Southwark is scheduled to re-open on 23rd June.  Trials (single) will start on 6th July.

On Wednesday 17th June 2020 at 4.30 a Skype Users meeting will be held to update Counsel, Solicitors and other agencies on the steps taken to prepare the court, plans for re-starting trials, and what is expected from users, with a Q&A. Mr Justice Edis may be online.

Anyone wishing to attend should send their email address to [email protected]

Our thanks go to the Resident, HHJ Taylor who is keen that practitioners understand what has been done.

It is refreshing to note the efforts of the judiciary to engage with us in this time and our thanks also go to HHJ Karu of Inner London Crown Court who with the staff allowed, James Mulholland QC, Mark Fenhalls QC and myself to look at the proposed trial court rooms.
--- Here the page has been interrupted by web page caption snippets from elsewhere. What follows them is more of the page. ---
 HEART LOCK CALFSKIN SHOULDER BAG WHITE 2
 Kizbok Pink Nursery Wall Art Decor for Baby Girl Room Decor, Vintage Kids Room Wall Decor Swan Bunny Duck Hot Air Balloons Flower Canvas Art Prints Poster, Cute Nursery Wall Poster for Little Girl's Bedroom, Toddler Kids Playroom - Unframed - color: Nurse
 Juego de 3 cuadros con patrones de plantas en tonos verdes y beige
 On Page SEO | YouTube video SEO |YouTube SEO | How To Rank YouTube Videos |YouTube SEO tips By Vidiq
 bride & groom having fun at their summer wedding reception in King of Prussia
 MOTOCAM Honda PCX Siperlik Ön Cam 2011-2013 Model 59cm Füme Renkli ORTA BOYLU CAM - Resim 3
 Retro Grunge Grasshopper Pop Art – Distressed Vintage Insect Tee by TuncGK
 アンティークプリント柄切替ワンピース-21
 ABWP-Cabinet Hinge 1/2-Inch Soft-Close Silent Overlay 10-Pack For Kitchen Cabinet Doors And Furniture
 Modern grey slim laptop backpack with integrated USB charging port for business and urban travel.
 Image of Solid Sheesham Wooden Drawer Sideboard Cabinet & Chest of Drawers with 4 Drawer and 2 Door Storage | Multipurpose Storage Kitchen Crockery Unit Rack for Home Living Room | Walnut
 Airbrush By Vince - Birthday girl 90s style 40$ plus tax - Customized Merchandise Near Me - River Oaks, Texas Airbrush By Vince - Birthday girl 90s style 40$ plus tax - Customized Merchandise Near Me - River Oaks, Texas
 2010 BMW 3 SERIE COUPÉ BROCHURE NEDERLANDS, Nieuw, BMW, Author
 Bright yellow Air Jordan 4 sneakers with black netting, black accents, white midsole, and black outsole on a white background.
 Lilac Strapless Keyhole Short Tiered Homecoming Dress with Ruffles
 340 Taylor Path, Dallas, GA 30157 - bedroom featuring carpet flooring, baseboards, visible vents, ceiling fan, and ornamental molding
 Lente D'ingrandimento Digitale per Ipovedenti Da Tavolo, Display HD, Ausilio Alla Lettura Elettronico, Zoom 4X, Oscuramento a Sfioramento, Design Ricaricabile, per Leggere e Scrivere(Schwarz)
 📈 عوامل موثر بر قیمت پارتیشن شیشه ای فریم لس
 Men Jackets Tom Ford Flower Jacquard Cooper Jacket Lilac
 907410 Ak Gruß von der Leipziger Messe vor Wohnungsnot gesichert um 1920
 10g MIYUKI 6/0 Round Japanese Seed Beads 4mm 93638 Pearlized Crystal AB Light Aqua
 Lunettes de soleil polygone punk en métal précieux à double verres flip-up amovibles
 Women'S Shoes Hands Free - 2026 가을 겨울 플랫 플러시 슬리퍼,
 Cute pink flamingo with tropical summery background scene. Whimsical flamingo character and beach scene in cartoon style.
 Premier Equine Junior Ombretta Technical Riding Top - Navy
We hope that the sign off for the building comes sooner rather than later. Again, a lot of hard work


Just a brief update. The deadline is now the 17th June 2020 and we are looking forward to addressing Clar 2.


We also have the CPS review coming up and as and when and how that progresses we will keep you updated

So, keep going. We have meeting after meeting, and we are doing all we can to ensure we are here not only next week but for many months to come, if not years.

Please keep your ideas coming in. We do not ignore them.